> [Your instructions] Exactly the lines from the one with "si possano comprendere?" through the end of the data below must be set down, and no pictures with them.

> [Saved data entries]
>>>>

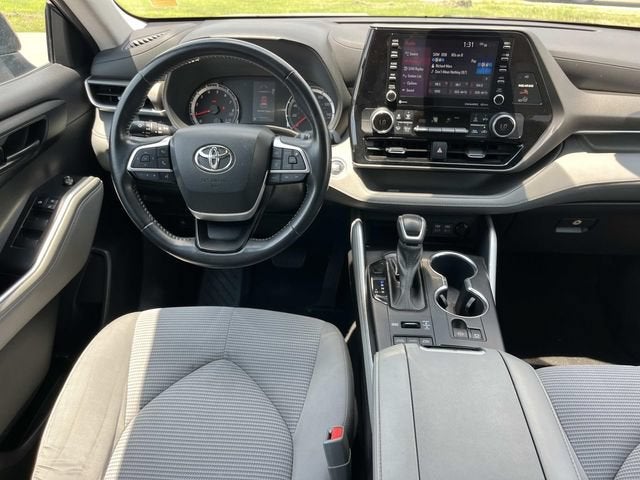 2022 Toyota Highlander LE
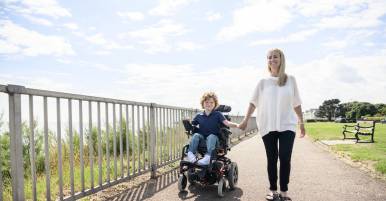 Moeder met zoon in elektrische rolstoel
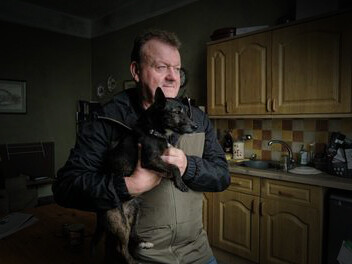 "The old oak" di Ken Loach. l proprietario TJ ci si aggrappa con le unghie, ma la sua presa scivola ancora di più quando l'arrivo di rifugiati siriani attira sul pub la rabbia della gente del posto. Fra TJ e una giovane siriana, Yara, nasce una tenera amicizia. Riusciranno a trovare un modo affinché le due comunità si possano comprendere?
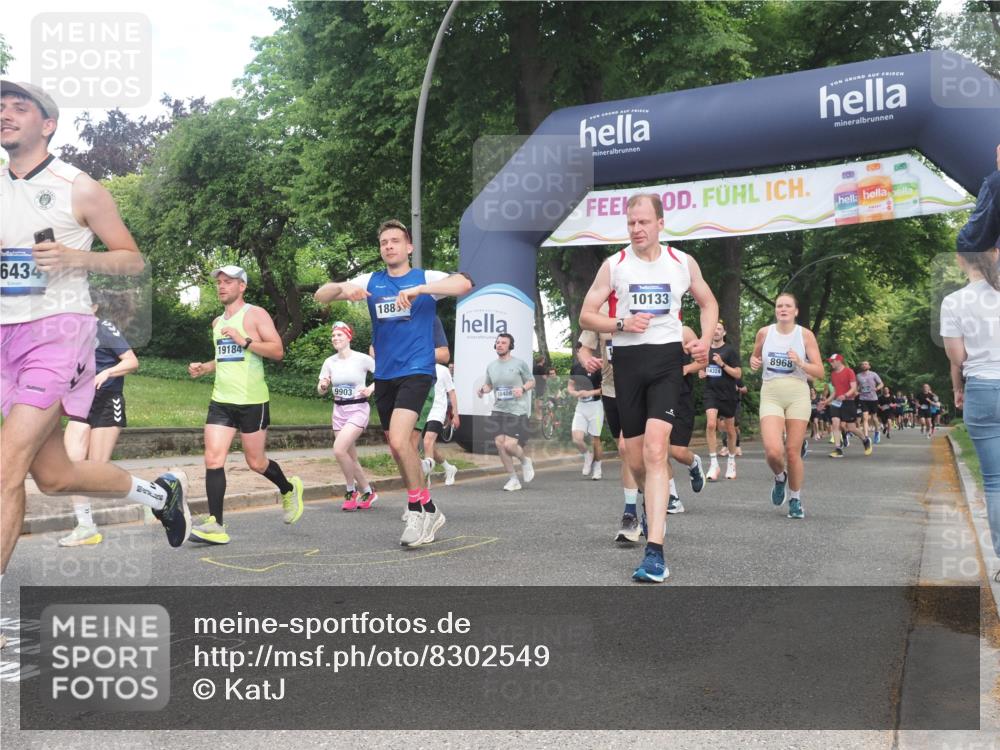 29.06.2025 - hella hamburg halbmarathon KatJ http://msf.ph/oto/8302549 29.06.2025 10:43:30 Zwischen KM18-KM19 1972, 2083, 2250, 2741, 2982, 2996, 4152, 4594, 4813, 7037, 7547 meine-sportfotos.de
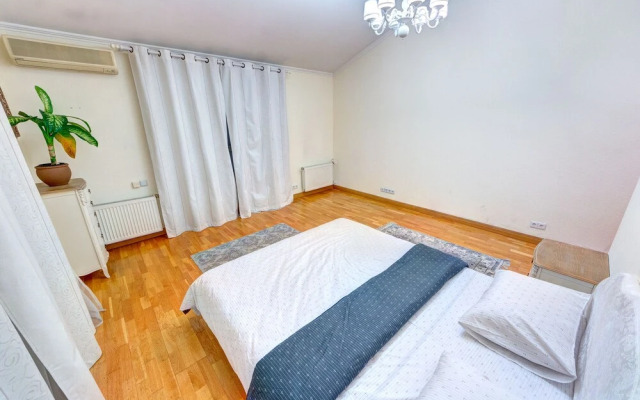 LUX Apartments Shelkovichnaya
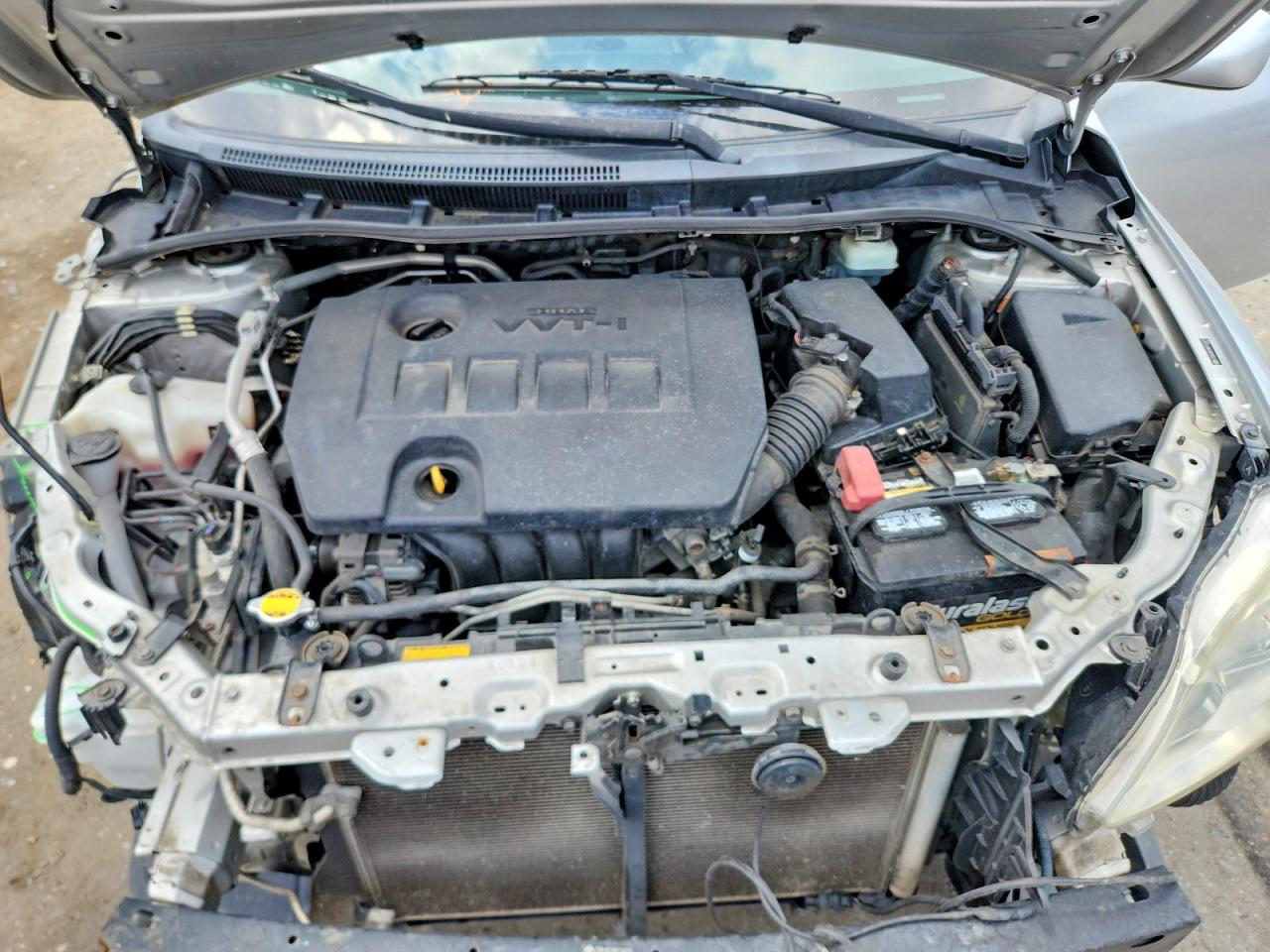 2011 Toyota Corolla Le Серебряный vin: JTDBU4EE8B9126873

<<<<

> [Expected answer]
 "The old oak" di Ken Loach. l proprietario TJ ci si aggrappa con le unghie, ma la sua presa scivola ancora di più quando l'arrivo di rifugiati siriani attira sul pub la rabbia della gente del posto. Fra TJ e una giovane siriana, Yara, nasce una tenera amicizia. Riusciranno a trovare un modo affinché le due comunità si possano comprendere?
 29.06.2025 - hella hamburg halbmarathon KatJ http://msf.ph/oto/8302549 29.06.2025 10:43:30 Zwischen KM18-KM19 1972, 2083, 2250, 2741, 2982, 2996, 4152, 4594, 4813, 7037, 7547 meine-sportfotos.de
 LUX Apartments Shelkovichnaya
 2011 Toyota Corolla Le Серебряный vin: JTDBU4EE8B9126873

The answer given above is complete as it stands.